Mother's Plight in Georgia

  Mother's predicament in America was more complex than my father's, although he also certainly also had a difficult life.  Somehow she received an American name, Grace, which proved to be a good choice as she always presented a serene presence to outsiders even as she endured the mental and physical demands of being the only Chinese woman in her community. She barely knew how to speak or understand the English language and has little chance to learn for her first 20 years here. Somehow she acquired knowledge that was essential for surviving in a foreign, if not also hostile, environment. She had to be resourceful and strong enough to adapt to the Southern way of life, help father earn a living, and bring up four children.


To achieve these goals, she relied heavily of what she learned by observing how other people behaved. She noticed how the successful differed from the failures in how they behaved. For example, a wealthy white man, Mr. Hooks, who owed the Lanier Hotel up the street from our laundry, would sometimes offer chewing gum to me and my siblings if he saw us in front of the laundry. He would take a stick of Wrigley gum, tear it in half and give only that much to each of us. Mother would make a lesson for life out of this incident. She pointed out that even a wealthy man such as Mr. Hooks was thrifty. She argued that if, instead, he gave each of us a full stick of gum, he certainly would not be likely to become rich.

         

Coming to this country as poor and uneducated immigrants, coupled with the ordeal of living through the Great Depression of the mid 1930s contributed to mother's high need for financial security. Accumulating money for security could be achieved by being very on the one hand, while on the other, avariciously and aggressively thinking of ways to make more money. Lacking much formal education and advanced technical skills, there was little opportunity to secure higher income through a business or occupation. She realized that the future of their children depended on opening the door through education to a more secure life.

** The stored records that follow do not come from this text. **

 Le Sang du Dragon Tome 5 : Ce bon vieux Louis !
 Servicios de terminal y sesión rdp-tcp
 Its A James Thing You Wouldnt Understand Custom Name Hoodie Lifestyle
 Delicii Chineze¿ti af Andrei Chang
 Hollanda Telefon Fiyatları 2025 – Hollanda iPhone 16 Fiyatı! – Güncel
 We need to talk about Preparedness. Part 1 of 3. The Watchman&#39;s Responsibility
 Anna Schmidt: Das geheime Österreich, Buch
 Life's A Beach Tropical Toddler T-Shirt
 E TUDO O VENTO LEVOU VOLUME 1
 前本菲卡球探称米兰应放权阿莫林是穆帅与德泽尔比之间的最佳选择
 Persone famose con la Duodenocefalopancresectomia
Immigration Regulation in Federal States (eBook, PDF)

Moving The Family to San Francisco

Mother did complain often, perhaps too much, about her lot in life to her children, but what else could she do?  She maintained her Chinese identity and tried to instill Chinese values and beliefs in her children, even though she could see that they often resisted in preference to American customs.   When the future well being of the family was placed firmly on her shoulders and she had to relocate the family to San Francisco, she did not flinch or show the slightest hesitancy.  Considering that up until then she had never had any authority or opportunity to make major family decisions, it was all the more remarkable that she succeeded in finding a new life for herself and her family in San Francisco.  While Father remained for several years in Georgia running our laundry by himself to support us, mother acquired and almost single-handedly operated a laundromat in the store below the San Francisco flat where we lived.

 

 

      Faith and confidence in her own ability to survive is not something she lacked, as exemplified by her approach to health issues.  She told numerous stories of occasions where she either figured out by trial and error or intuition how to remedy her problems herself, sometimes doing things that ran counter to what doctors had recommended.  Often her advice may have been based in superstitions, coincidences, or luck, but she firmly embraced them.  She repeatedly advised us to be careful about what doctors recommend in treating illnesses.
       Mother?s intrepid plunge headlong into stock and option investing late in her life following fathers death was in marked contrast to her meek and timid style of dealing with racial discrimination.  She did not believe in confronting hostile persons, preferring to retreat to safer positions.  Financial risk taking, however, was a different type of situation.  She felt that undue caution here would not be profitable, and that one needed to be aggressive to succeed financially.  She felt that even without a formal education or English fluency she might be able to parlay a sum of cash into a larger amount by skillful or lucky investments.

 



        From being a young uneducated girl in rural China who came to America through an arranged marriage to becoming a successful stock investor is truly a remarkable story.  Her life is a testament to how much a person can achieve despite considerable obstacles such as racism, lack of literacy, and poverty.  Her dogged determination, strong commitment to family, and survival skills enabled her to transcend these impediments.
       Mother was in every sense of the term, a survivor. She dealt with cultural, social, economic, marital, family, and health obstacles head on. She was fatalistic; yet she also believed that when adversity strikes you must try to do what you have to do to survive. Mother was an amazing woman, one who also displayed amazing grace. The gentle and quiet exterior that she displayed when she dealt with others hid the torment, hardship, and pain she felt inside and expressed only to her children in private.  She had an unselfish and sacrificing side where she placed the well-being of her children above her own needs, as if she believed her function in life was to always protect and guide her children.